Hash Aggregate Here #

But data work also has its own unique patterns, and I want to talk about one of these that I think is important for all of us to carry around in our back pockets: the humble hash aggregate. The hash aggregate works like this:

You have a multidimensional array (or, as us plebes say, table) that contains numerous instances of similar labels. What you want to know is the distinct counts of each category. The implemented algorithm splits the matrix by key and sums the values and then returns the reduced matrix that has only unique keys and the sum values to the user.

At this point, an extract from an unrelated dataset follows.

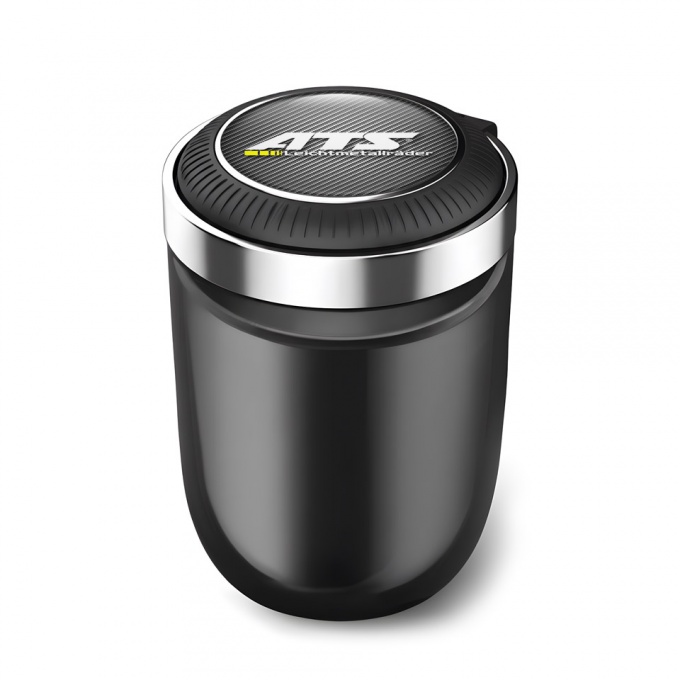 ATS Trash Can Ashtray Carbon Logo Edition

It’s a very simple and ingenious algorithm, and it shows up over and over and over again. If you’ve ever done a GROUP BY statement in SQL, you’ve used the hash aggregate function. Python’s dictionary operations utilize hash aggregates. And so does Pandas’ split-apply-combine (pictured here from Jake’s great post) And, so does Excel’s Pivot table function. So does sort filename | uniq -c | sort -nr in Unix. So does the map/reduce pattern that started in Hadoop, and has been implemented in-memory in Spark. An inverted index, the foundation for Elasticsearch (and many search and retrieval platforms) is a hash aggregate.

So what? #

If you’ve worked with either development or data for any length of time, it’s almost guaranteed that you’ve come across the need to get unique categories of things and then count the things in those categories. In some cases, you might need to build your own implementation of GROUP BY because it doesn’t work in your language or framework of choice.

My personal opinion is that every data-centric framework that’s been around long enough tends to SQL, so everything will eventually implement hash aggregation.

Once you understand that hash aggregation is a common pattern, it makes sense to observe it at work, learn more about how to optimize it, and generally think about it.

Once we know that this pattern has a name and exists, we have a sense of power over our data work. Confuscius (or whoever attributed the quote to him) once said, “The beginning of wisdom is to call things by their proper name," and either he was once a curious toddler, or an MLE looking to better understand the history and context of his architecture.